Sustainability Murals Celebrate Greening Efforts at Wellesley, Babson
The Environmental Protection Agency (EPA) recently named Babson College, Massachusetts Bay Community College/Wellesley Campus and Wellesley College, “Green Power Partners,” making Wellesley one of the first communities in the nation with all of its institutions of higher education to have this distinction – and making Wellesley one of the greenest towns in America. (Read the EPA Press Release).
Recognition of the schools’ efforts comes on the heels of another celebration of sustainability by two of the schools. Earlier this year, Wellesley and Babson unveiled a set of ceramic murals featuring images of sustainability on the two campuses. The murals were installed on the Wellesley College campus near the entrance to the Bae Pao Lu Chow Dining Room on the fourth floor of the Lulu Chow Wang Campus Center yesterday.
The design and creation of the murals was a collaborative effort by dozens of students, faculty, and staff at the two institutions. Caitlin Greenhill Caldrea ‘14 designed the Wellesley mural. Aidan Chambers '13, Stephanie Osser, instructor and manager of the Babson College Ceramics studio, and Corri Taylor, director of Wellesley's Quantitative Reasoning Program, led Wellesley's creative team for the mural. The murals were funded through The Babson, Olin, Wellesley (BOW) Three College Collaboration, and specifically by a Mellon Presidential Project grant awarded to Osser.

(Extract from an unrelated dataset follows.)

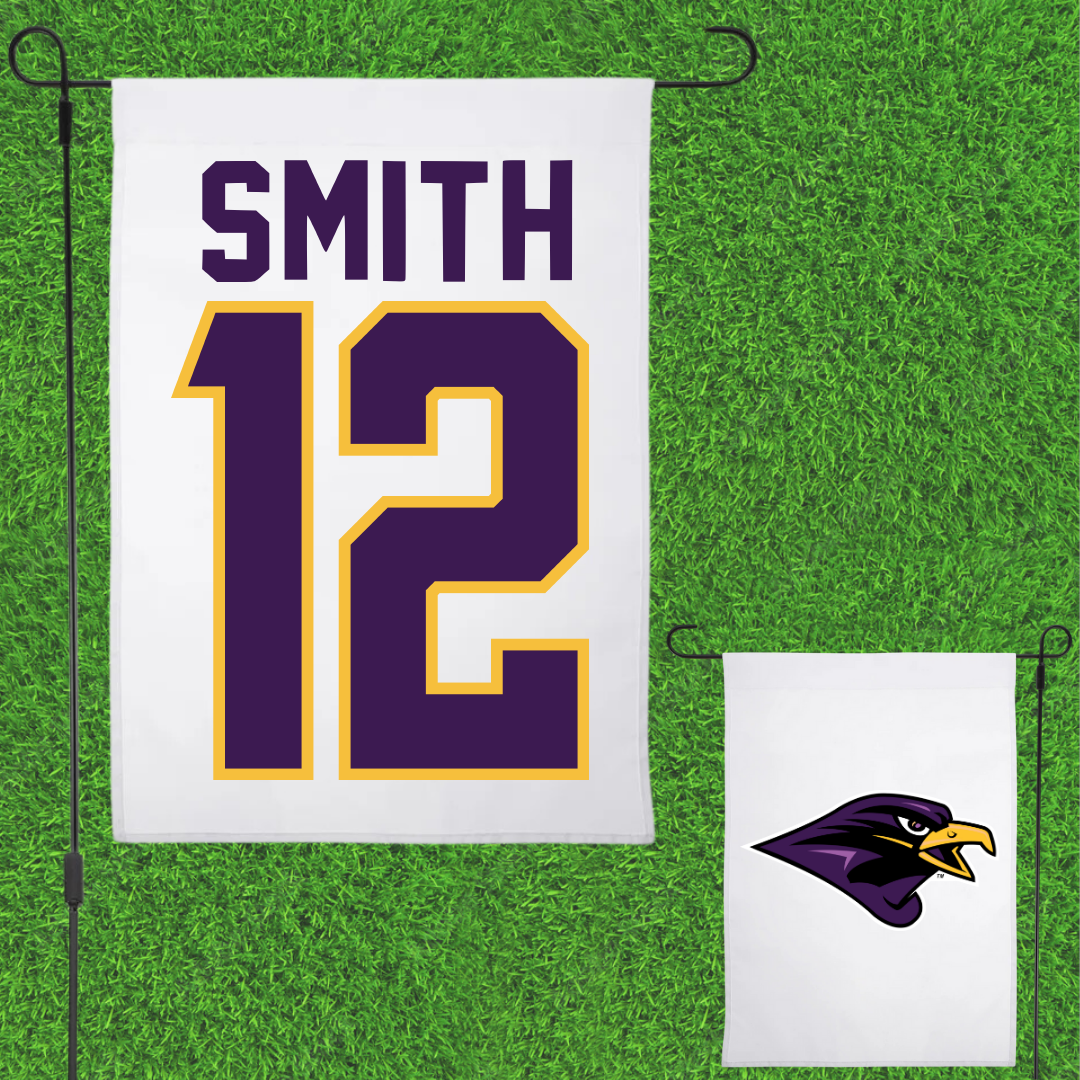 University of Montevallo Basketball White Garden Flag - #12 Luke Smith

“When I heard about this project at a January BOW event, I jumped at the opportunity to do something artistically creative,” Taylor said. “I'm a strong supporter of Sustainability in practice and as academic topic, and I was excited to do something to draw attention to Sustainability efforts on our campus.” Last fall, Taylor organized Wellesley’s "Celebrating Quantitative Reasoning (QR) Connections" series around the theme of QR & Sustainability.
According to Taylor, the group wanted the murals “to celebrate both the sustainability efforts on the campuses in terms of what was going on in facilities and landscape, and to celebrate the relatively new BOW Certificate in Sustainability.”

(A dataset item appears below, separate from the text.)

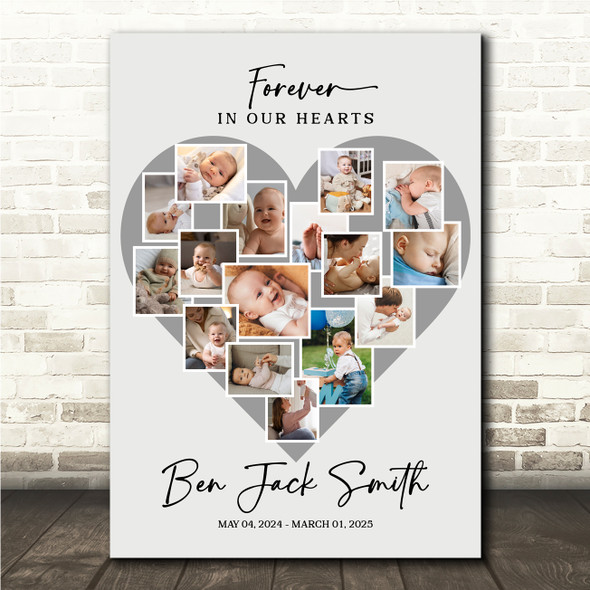 Photo Collage Kids Memorial Gift For Anyone 16-Photo Grey Heart Print Or Canvas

Erika Liu '15, Vanessa Barrera '12, Olivia Froehlich '14, Sophie Johnson '12, Graeme Durovich '15, Patty Suquilanda '13, Valerie Soon '13, Susan Laves '12, Emma Maynard '13, Lilly Gorman '15, Wellesley's Karen Pabon (Director, Slater International), Professor Dan Brabander, and Professor Kristina Jones, and Jamaal Eversley, a Babson Class of 2009 alumnus, also contributed their time and talents in various phases from design to glazing.
“We started the mural, stomping barefoot on the clay,” Taylor said. “Then we transferred the image, sculpted and carved it, cut the 4' x 4' work into small enough tiles for the kiln, glazed the tiles, and assembled the ceramic collage together again.”
The two bas-relief ceramic collages illustrate significant sustainability efforts at the two colleges. The Wellesley College mural includes images of:
- The renovated Whitin Observatory, which was awarded silver LEED certification;
- The restoration of the Alumnae Valley, including Cattail Pond behind the Lulu;
- The LED lights in the College’s iconic lanterns;
- The beehives behind the Science Center and honey bees;
- The photovoltaic solar array;
- The zero-emission, all electric van retrofitted with a solar panel;
- A student riding one of the Revolution pink bikes (communal bike program);
- And Students' gardening/farming efforts
Images on the Babson mural include energy efficient campus buildings, a “Big Belly Solar Energy Compactor,” Babson’s bike share program, a gardener, and "a person with an idea, represented by compact fluorescent light bulbs," said Susanna Kroll, Babson College Class of 2014 and lead designer of the Babson mural. "After all, without ideas, sustainability efforts cannot continually improve.”
The murals have been on display together at Babson College since April 27. They will be together at the Lulu until later this summer when the two will be separated: the Babson mural will go back to Babson and the Wellesley mural will go to its long-term home in the Wellesley Science Center.